Data provided:
# # #

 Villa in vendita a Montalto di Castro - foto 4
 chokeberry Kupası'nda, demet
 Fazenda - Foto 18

# # #

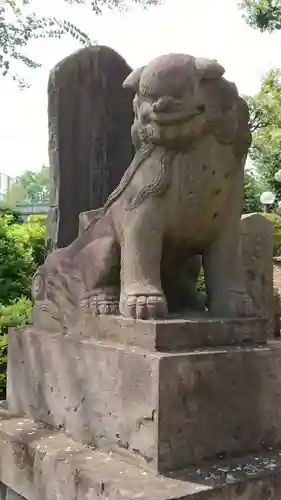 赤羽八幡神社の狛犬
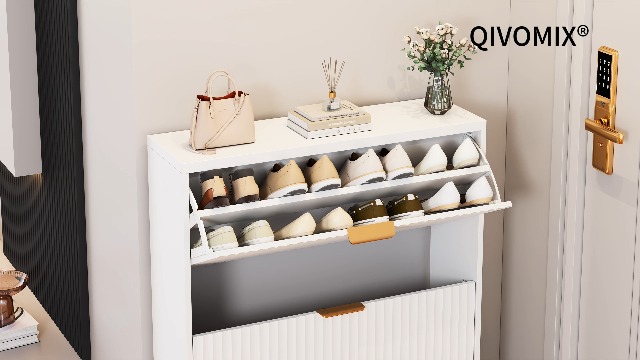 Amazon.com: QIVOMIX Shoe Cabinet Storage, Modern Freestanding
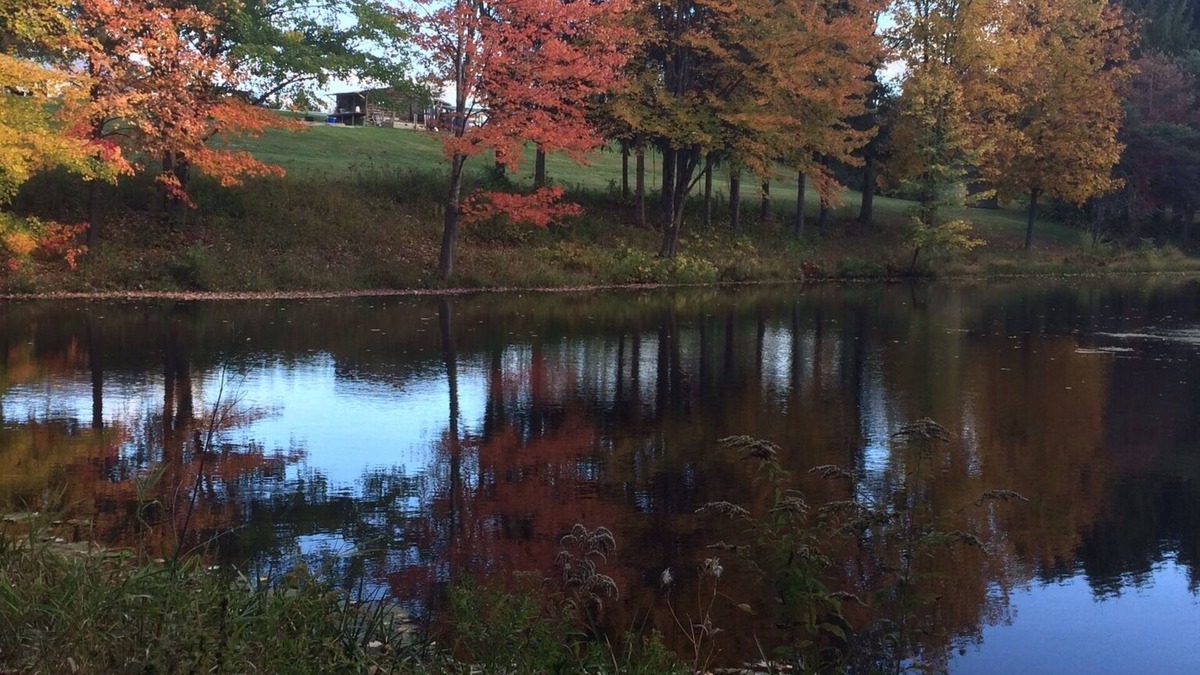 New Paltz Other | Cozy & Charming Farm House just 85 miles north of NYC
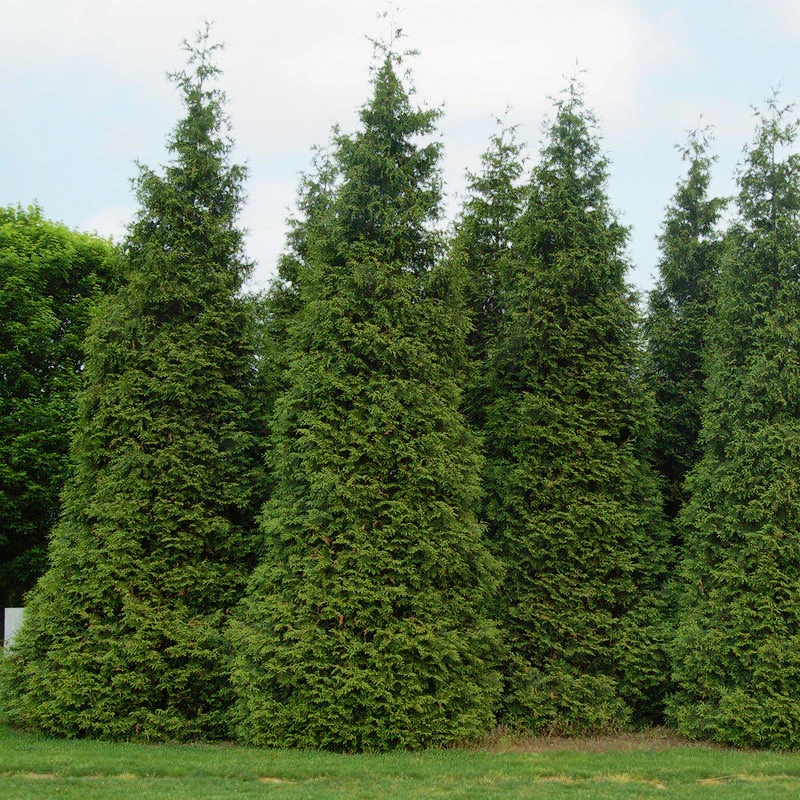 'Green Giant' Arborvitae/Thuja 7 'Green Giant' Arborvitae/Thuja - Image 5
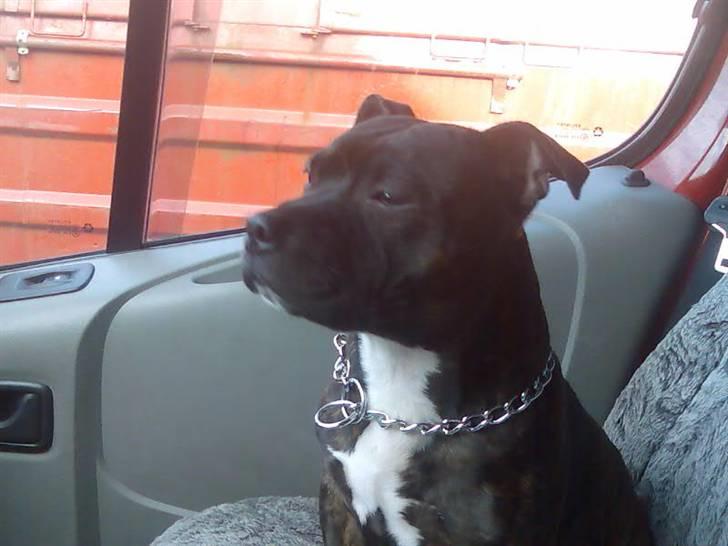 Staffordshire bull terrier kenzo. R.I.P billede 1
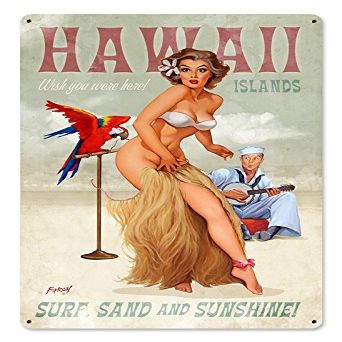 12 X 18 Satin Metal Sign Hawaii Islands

# # #

Assignment: Look above for the line with "New Paltz Other" and the line with "12 X 18 Satin Metal Sign Hawaii Islands". Copy them and every line between, exactly, but no pictures.

Solution to this exercise:
 New Paltz Other | Cozy & Charming Farm House just 85 miles north of NYC
 'Green Giant' Arborvitae/Thuja 7 'Green Giant' Arborvitae/Thuja - Image 5
 Staffordshire bull terrier kenzo. R.I.P billede 1
 12 X 18 Satin Metal Sign Hawaii Islands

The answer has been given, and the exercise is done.